« All Software Development Articles

SQL Server Trailing Spaces: A Cautionary Tale

7/25/2018

Introduction

Traveling through the wilds of stored procedures an adventurous developer discovered a gem. The author of this particular script had placed a clever line, something like the following.


SELECT descriptive_attribute
FROM source_of_knowledge
WHERE ISNULL(descriptive_attribute, '') NOT LIKE '';

The inquisitive fellow thought to himself, "What is the purpose of this?" As he poked and prodded he found that using NOT LIKE was akin to trimming the descriptive_attribute. What a fascinating discovery!

But as he showed me this, I wondered why? Is this trick safe to use? Let's explore.

The following tests were ran with the SQL_Latin1_General_CP1_CI_AS collation. A good article describing SQL Server collation can be found at https://www.red-gate.com/simple-talk/sql/sql-development/questions-sql-server-collations-shy-ask/

Experimentation Begins

Let's start by pulling together our test subjects.
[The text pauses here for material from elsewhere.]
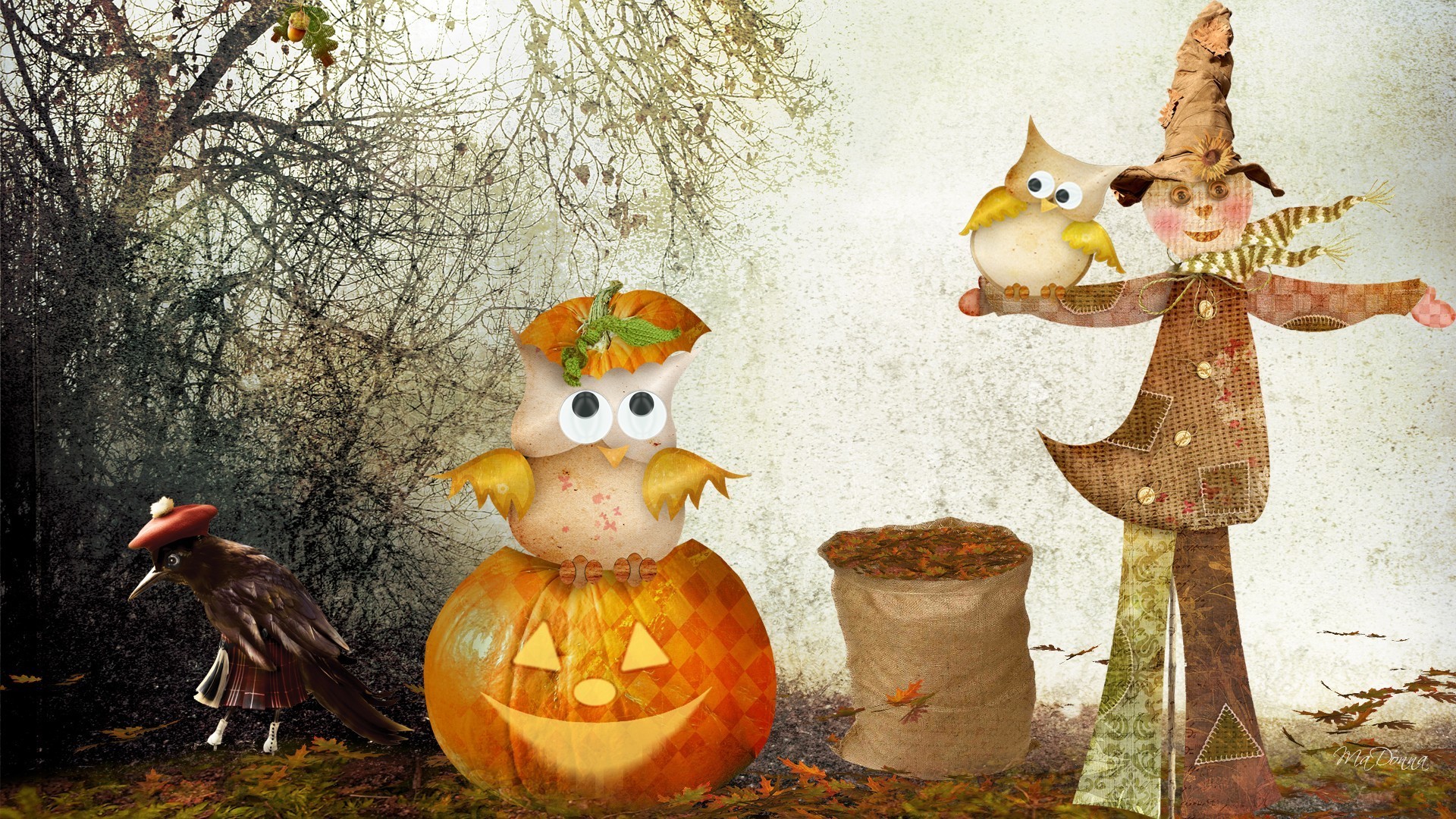 1920x1080 Scarecrow Tag - Persona Firefox Halloween Scarecrow Lantern Whimiscal  Leaves Owls Autumn Jack Crow Fall Image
DECLARE @char_lower_a CHAR(10) = 'a';
DECLARE @char_upper_a CHAR(10) = 'A';
DECLARE @varchar_lower_a VARCHAR(10) = 'a';
DECLARE @varchar_upper_a VARCHAR(10) = 'A';
DECLARE @varchar_lower_a_padded VARCHAR(10) = 'a         ';
DECLARE @varchar_upper_a_padded VARCHAR(10) = 'A         ';
DECLARE @char_space CHAR(1) = ' ';
DECLARE @varchar_space VARCHAR(1) = ' ';
DECLARE @char_empty CHAR(1) = '';
DECLARE @varchar_empty VARCHAR(1) = '';

PRINT 'Server Properties:';
PRINT 'Collation: ' + CONVERT(VARCHAR(64), SERVERPROPERTY('collation'), 1);
PRINT '';
PRINT 'Declarations:';
PRINT '@char_lower_a: "' + @char_lower_a + '"';
PRINT '@varchar_lower_a: "' + @varchar_lower_a + '"';
PRINT '@varchar_lower_a_padded: "' + @varchar_lower_a_padded + '"';
PRINT '@char_space: "' + @char_space + '"';
PRINT '@varchar_space: "' + @varchar_space + '"';
PRINT '@char_empty: "' + @char_empty + '"';
PRINT '@varchar_empty: "' + @varchar_empty + '"';

Here is the PRINT output. We can see that CHARs are padded and VARCHARs respect what we've defined.


Server Properties:
Collation: SQL_Latin1_General_CP1_CI_AS
 
Declarations:
@char_lower_a: "a         "
@varchar_lower_a: "a"
@varchar_lower_a_padded: "a         "
@char_space: " "
@varchar_space: " "
@char_empty: " "
@varchar_empty: ""

The first tests will be for equality. Given the collation we've chosen we know what to expect. Case insensitivity, trailing whitespace is not considered. Here's the setup.


PRINT 'Tests:'
IF (@char_lower_a = @varchar_lower_a) PRINT '@char_lower_a = @varchar_lower_a'
ELSE PRINT '@char_lower_a <> @varchar_lower_a';

IF (@char_lower_a = @varchar_lower_a_padded) PRINT '@char_lower_a = @varchar_lower_a_padded'
ELSE PRINT '@char_lower_a <> @varchar_lower_a_padded';

IF (@varchar_lower_a = @varchar_lower_a_padded) PRINT '@varchar_lower_a = @varchar_lower_a_padded'
ELSE PRINT '@varchar_lower_a <> @varchar_lower_a_padded';

IF (@char_space = @varchar_space) PRINT '@char_space = @varchar_space'
ELSE PRINT '@char_space <> @varchar_space';

IF (@char_space = @char_empty) PRINT '@char_space = @char_empty'
ELSE PRINT '@char_space <> @char_empty';

IF (@char_space = @varchar_empty) PRINT '@char_space = @varchar_empty'
ELSE PRINT '@char_space <> @varchar_empty';

IF (@varchar_space = @char_empty) PRINT '@varchar_space = @char_empty'
ELSE PRINT '@varchar_space <> @char_empty';

IF (@varchar_space = @varchar_empty) PRINT '@varchar_space = @varchar_empty'
ELSE PRINT '@varchar_space <> @varchar_empty';

IF (@char_empty = @varchar_empty) PRINT '@char_empty = @varchar_empty'
ELSE PRINT '@char_empty <> @varchar_empty';

SQL Server faithfully follows the collation rules we expect, everything is equal.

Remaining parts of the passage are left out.